One note: in the original post, not only are the values being tested coming from NumPy's arange, but round(x[i],1) is testing *NumPy's* rounding functionality, not Python's. x[i] has type np.float64, and while np.float64 does inherit from Python's float, it also overrides float.__round__ with its own implementation (that essentially amounts to scale-by-power-of-ten, round-to-nearest-int, unscale, just like Python used to do in the bad old days). So errors from arange plus NumPy's non-correctly-rounded round means that all bets are off on what happens for values that _look_ as though they're ties when shown in decimal, but aren't actually ties thanks to the what-you-see-is-not-what-you-get nature of binary floating-point.
On arange in particular, I've never looked closely into the implementation; it's never noticeably not been "close enough" (i.e., accurate to within a few ulps either way), and I've never needed it or expected it to be perfectly correctly rounded. Now that it's been brought up, I'll take a look. (But that shouldn't keep this issue open, since that's a pure NumPy issue.)

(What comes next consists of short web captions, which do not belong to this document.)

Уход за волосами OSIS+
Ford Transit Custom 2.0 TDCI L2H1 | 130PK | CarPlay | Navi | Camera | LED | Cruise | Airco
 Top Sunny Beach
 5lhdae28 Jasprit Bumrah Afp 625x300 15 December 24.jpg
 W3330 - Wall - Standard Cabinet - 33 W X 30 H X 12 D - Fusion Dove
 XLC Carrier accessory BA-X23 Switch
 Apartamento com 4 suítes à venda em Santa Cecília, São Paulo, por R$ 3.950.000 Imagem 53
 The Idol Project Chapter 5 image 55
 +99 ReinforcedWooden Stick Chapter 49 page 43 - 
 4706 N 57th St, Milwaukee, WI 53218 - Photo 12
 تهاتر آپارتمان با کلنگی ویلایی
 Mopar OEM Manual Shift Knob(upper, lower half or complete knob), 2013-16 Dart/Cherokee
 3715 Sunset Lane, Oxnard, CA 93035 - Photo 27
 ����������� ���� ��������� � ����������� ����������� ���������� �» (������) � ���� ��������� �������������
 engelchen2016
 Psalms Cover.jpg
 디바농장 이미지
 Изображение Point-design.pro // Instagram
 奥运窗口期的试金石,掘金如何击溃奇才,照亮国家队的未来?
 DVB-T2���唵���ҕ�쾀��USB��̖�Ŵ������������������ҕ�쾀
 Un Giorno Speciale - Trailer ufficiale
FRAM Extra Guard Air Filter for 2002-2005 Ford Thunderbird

Honestly, given the usual floating-point imprecision issues, I'm surprised that the balance is coming out as evenly as it is in Tim's and Steven's experiments. I can see why it might work for a single binade, but I'm at a loss to explain why you'd expect a perfect balance across several binades.
For example: if you're looking at values of the form 0.xx5 in the binade [0.5, 1.0], and rounding those to two decimal places, you'd expect perfect parity, because if you pair the values from [0.5, 0.75] with the reverse of the values from [0.75, 1.0], in each pair exactly one of the two values will round up, and one down (the paired values always add up to *exactly* 1.5, with no rounding, so the errors from the decimal-to-binary rounding will always go in opposite directions). For example 0.505 rounds up, and dually 0.995 rounds down. (But whether the pair gives (up, down) or (down, up) will depend on exactly which way the rounding went when determining the nearest binary64 float, so will be essentially unpredictable.)
>>> test_values = [x/1000 for x in range(505, 1000, 10)]
>>> len(test_values) # total count of values
50
>>> sum(round(val, 2) > val for val in test_values) # number rounding up
25
But then you need to make a similar argument for the next binade down: [0.25, 0.5] (which doesn't work at all in this case, because that binade contains an odd number of values).
Nevertheless, this *does* seem to work, and I haven't yet found a good explanation why. Any offers?
>>> k = 8
>>> test_values = [x/10**(k+1) for x in range(5, 10**(k+1), 10)]
>>> sum(round(val, k) > val for val in test_values)
50000000
BTW, yes, I think this issue can be closed. |